* **What the task requires**:
In the material below, the lines from the one containing "Fall Pumpkin Wind" through the one containing "Movable Coffee Table" are to be given again exactly, ends included, and no others.

============

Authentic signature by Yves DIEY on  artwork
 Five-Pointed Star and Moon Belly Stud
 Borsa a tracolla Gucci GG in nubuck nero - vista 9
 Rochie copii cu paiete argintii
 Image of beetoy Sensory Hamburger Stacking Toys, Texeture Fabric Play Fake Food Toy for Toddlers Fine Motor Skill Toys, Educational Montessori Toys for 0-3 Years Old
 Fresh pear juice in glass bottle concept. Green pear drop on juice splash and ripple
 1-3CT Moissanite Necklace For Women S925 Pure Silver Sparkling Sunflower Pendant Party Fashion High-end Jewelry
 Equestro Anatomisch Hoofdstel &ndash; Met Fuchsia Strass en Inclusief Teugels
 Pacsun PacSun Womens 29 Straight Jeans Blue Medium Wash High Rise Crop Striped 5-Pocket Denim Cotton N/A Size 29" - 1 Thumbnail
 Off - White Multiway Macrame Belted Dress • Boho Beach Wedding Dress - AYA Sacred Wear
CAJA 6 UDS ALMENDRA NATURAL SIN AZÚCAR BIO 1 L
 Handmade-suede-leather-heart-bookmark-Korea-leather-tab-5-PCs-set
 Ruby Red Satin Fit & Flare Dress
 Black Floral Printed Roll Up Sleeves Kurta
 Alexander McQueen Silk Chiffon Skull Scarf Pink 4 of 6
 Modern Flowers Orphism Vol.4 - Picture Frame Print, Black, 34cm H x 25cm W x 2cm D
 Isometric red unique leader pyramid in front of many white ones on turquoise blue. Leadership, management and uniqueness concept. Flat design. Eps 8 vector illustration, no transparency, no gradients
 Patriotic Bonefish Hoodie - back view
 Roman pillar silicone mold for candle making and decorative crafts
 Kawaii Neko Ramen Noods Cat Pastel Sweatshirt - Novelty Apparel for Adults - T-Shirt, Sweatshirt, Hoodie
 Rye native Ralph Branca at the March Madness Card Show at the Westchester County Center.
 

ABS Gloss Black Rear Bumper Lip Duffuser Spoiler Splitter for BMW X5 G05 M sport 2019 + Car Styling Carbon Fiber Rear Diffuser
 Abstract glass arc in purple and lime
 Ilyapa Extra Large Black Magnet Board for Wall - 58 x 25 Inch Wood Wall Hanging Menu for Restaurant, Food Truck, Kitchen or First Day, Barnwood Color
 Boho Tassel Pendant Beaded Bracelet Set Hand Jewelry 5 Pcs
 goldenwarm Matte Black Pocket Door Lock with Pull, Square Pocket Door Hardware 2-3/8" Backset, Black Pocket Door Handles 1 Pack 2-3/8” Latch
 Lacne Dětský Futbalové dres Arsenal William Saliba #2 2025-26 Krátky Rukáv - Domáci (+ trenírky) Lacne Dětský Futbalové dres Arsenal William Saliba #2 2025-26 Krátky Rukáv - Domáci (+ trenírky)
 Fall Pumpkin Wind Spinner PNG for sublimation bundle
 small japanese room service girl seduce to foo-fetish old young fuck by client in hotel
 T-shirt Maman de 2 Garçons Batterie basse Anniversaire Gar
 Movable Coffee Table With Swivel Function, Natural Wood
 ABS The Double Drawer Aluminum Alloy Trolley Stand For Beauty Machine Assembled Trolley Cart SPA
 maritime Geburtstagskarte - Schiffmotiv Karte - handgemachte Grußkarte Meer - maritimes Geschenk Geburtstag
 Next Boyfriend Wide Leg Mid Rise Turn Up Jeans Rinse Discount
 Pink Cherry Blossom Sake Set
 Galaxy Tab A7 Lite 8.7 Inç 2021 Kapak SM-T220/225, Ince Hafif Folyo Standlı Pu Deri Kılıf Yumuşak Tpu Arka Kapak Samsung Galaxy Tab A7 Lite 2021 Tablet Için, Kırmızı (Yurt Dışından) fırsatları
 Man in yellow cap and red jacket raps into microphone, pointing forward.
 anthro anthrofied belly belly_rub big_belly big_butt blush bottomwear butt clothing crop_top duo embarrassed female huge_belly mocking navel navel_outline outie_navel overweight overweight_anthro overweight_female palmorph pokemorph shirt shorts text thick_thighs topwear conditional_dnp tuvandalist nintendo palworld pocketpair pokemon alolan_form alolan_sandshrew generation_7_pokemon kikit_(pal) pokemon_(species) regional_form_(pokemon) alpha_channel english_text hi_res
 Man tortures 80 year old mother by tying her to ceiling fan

============

* **Exercise result**:
 Fall Pumpkin Wind Spinner PNG for sublimation bundle
 small japanese room service girl seduce to foo-fetish old young fuck by client in hotel
 T-shirt Maman de 2 Garçons Batterie basse Anniversaire Gar
 Movable Coffee Table With Swivel Function, Natural Wood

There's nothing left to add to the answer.